[Captioned web images]
----

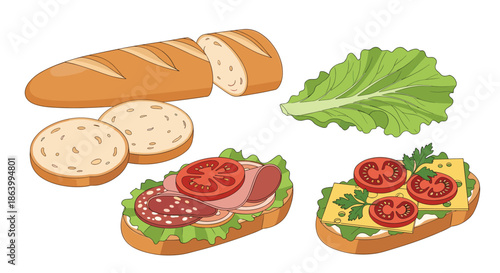 Long French baguette with slices, a fresh lettuce leaf, and two different sandwiches with meat, tomato, and cheese on a white background.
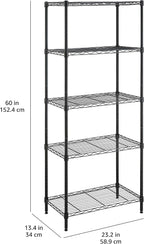 Amazon Basics 5-Shelf Multipurpose Adjustable Steel Garage Shelving Unit, Storage Rack for Kitchen, 200 lbs Per Shelf, Easy Assembly, 13.4"D x 23.2"W x 60"H, Black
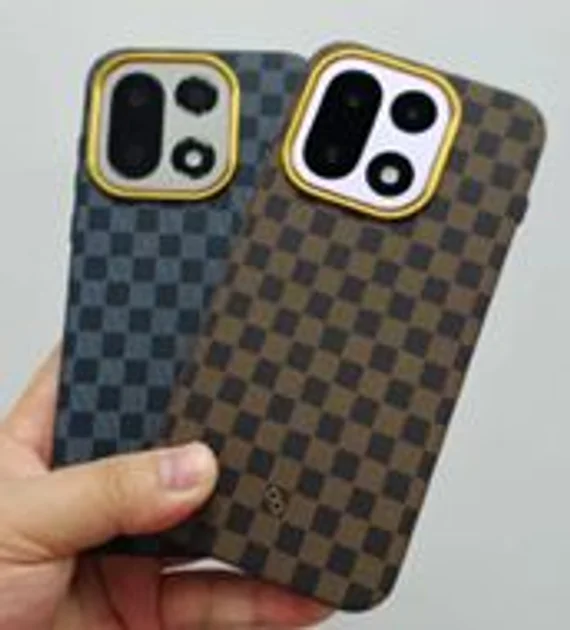 Защитный чехол для OnePlus 15 c MagSafe черно-серый шахматное плетение (Black-Gray)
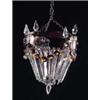 A cut glass basket shaped light fitting with tapering rectangular drops and amber tinted glass swags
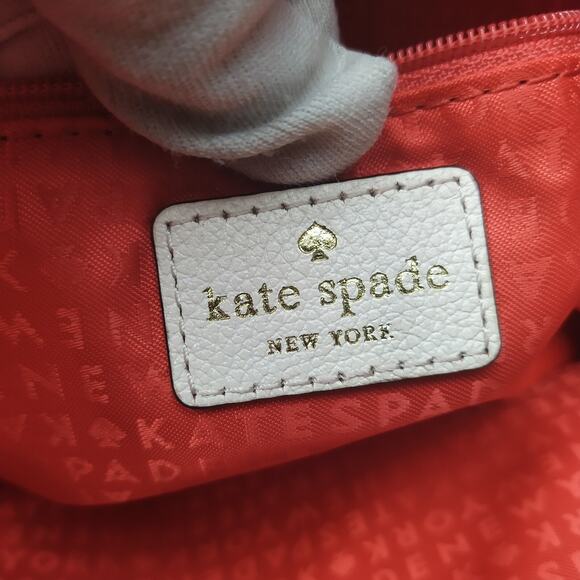 Kate Spade New York Gray Leather Bow Double Handle Large Tote Shoulder Bag - Picture 12 of 16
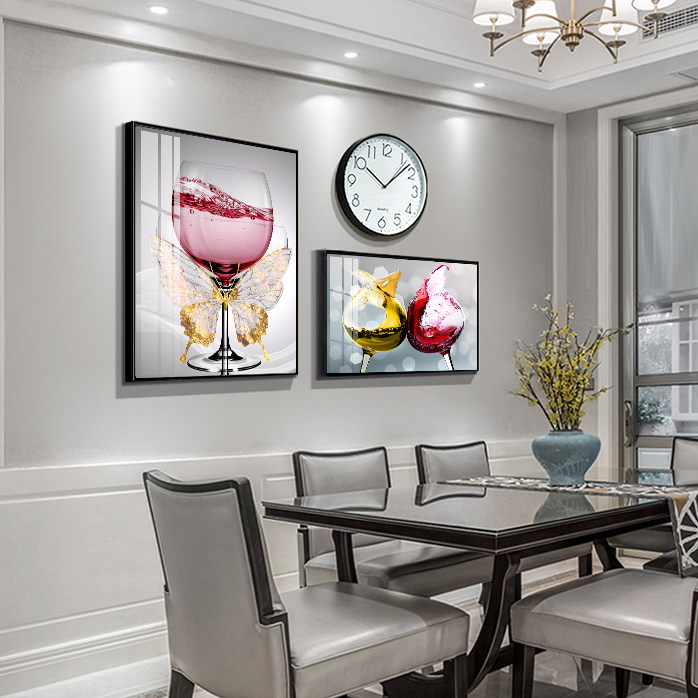 餐厅装饰画轻奢瓷画墙面现代简约壁画客厅饭厅创意厨房现代装饰画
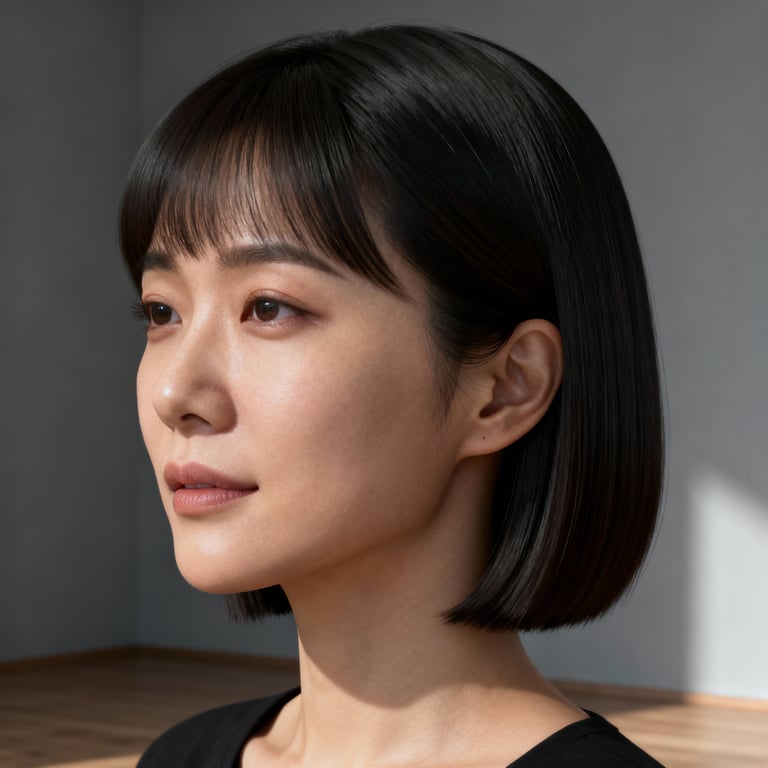 bob short hair on straight hair, low version.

----

• [Problem statement]:
Reproduce nothing but the lines running from the line with "A cut glass" through the end of the records, keeping both end lines and dropping the pictures.

• [Answer box]:
 A cut glass basket shaped light fitting with tapering rectangular drops and amber tinted glass swags
 Kate Spade New York Gray Leather Bow Double Handle Large Tote Shoulder Bag - Picture 12 of 16
 餐厅装饰画轻奢瓷画墙面现代简约壁画客厅饭厅创意厨房现代装饰画
 bob short hair on straight hair, low version.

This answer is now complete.